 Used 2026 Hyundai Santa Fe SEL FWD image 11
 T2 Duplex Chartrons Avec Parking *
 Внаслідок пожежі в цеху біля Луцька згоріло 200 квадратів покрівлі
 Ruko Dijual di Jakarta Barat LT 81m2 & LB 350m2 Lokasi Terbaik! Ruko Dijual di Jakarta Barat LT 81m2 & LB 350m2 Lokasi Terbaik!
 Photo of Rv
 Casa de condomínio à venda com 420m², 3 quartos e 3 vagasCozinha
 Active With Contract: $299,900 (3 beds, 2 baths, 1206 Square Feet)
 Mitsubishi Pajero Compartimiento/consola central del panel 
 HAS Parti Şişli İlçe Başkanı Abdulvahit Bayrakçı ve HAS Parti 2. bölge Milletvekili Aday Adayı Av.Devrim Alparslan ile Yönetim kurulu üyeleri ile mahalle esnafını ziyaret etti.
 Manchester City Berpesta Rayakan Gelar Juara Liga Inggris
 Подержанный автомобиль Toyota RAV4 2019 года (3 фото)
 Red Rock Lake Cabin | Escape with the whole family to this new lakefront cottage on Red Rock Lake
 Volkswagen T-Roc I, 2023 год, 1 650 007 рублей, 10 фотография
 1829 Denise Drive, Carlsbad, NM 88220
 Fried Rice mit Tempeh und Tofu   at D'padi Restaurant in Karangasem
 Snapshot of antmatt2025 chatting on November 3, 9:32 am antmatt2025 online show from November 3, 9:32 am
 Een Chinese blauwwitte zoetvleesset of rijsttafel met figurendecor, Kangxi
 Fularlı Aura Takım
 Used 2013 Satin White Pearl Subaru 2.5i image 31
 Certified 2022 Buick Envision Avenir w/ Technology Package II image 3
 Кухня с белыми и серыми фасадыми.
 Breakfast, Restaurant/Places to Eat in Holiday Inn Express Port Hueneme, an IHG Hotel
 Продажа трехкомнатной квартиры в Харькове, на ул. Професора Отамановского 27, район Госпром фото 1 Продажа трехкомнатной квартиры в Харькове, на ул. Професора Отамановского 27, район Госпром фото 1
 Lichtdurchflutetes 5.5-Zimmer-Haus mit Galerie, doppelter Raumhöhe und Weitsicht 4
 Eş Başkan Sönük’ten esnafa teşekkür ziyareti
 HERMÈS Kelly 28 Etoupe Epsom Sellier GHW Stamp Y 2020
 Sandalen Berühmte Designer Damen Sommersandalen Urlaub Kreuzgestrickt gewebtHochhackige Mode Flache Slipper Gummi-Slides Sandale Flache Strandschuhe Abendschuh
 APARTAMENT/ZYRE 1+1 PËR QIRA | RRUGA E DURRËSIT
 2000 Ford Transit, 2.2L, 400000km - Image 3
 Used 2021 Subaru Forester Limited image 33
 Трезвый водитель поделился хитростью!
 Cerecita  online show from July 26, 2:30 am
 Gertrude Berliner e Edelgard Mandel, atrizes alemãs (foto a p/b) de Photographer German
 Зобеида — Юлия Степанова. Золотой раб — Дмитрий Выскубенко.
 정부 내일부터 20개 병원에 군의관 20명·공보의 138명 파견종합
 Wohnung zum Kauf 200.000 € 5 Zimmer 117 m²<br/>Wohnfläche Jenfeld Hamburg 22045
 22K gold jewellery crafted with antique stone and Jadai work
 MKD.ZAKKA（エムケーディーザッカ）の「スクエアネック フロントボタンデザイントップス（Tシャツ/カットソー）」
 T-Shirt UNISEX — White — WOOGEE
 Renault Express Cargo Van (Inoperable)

Problem details
From the material above, set down exactly the lines between the line holding "1829 Denise Drive, Carlsbad, NM 88220" and the line holding "정부 내일부터 20개 병원에 군의관 20명·공보의 138명 파견종합", inclusive. Include nothing else.

Reply to the exercise
 1829 Denise Drive, Carlsbad, NM 88220
 Fried Rice mit Tempeh und Tofu   at D'padi Restaurant in Karangasem
 Snapshot of antmatt2025 chatting on November 3, 9:32 am antmatt2025 online show from November 3, 9:32 am
 Een Chinese blauwwitte zoetvleesset of rijsttafel met figurendecor, Kangxi
 Fularlı Aura Takım
 Used 2013 Satin White Pearl Subaru 2.5i image 31
 Certified 2022 Buick Envision Avenir w/ Technology Package II image 3
 Кухня с белыми и серыми фасадыми.
 Breakfast, Restaurant/Places to Eat in Holiday Inn Express Port Hueneme, an IHG Hotel
 Продажа трехкомнатной квартиры в Харькове, на ул. Професора Отамановского 27, район Госпром фото 1 Продажа трехкомнатной квартиры в Харькове, на ул. Професора Отамановского 27, район Госпром фото 1
 Lichtdurchflutetes 5.5-Zimmer-Haus mit Galerie, doppelter Raumhöhe und Weitsicht 4
 Eş Başkan Sönük’ten esnafa teşekkür ziyareti
 HERMÈS Kelly 28 Etoupe Epsom Sellier GHW Stamp Y 2020
 Sandalen Berühmte Designer Damen Sommersandalen Urlaub Kreuzgestrickt gewebtHochhackige Mode Flache Slipper Gummi-Slides Sandale Flache Strandschuhe Abendschuh
 APARTAMENT/ZYRE 1+1 PËR QIRA | RRUGA E DURRËSIT
 2000 Ford Transit, 2.2L, 400000km - Image 3
 Used 2021 Subaru Forester Limited image 33
 Трезвый водитель поделился хитростью!
 Cerecita  online show from July 26, 2:30 am
 Gertrude Berliner e Edelgard Mandel, atrizes alemãs (foto a p/b) de Photographer German
 Зобеида — Юлия Степанова. Золотой раб — Дмитрий Выскубенко.
 정부 내일부터 20개 병원에 군의관 20명·공보의 138명 파견종합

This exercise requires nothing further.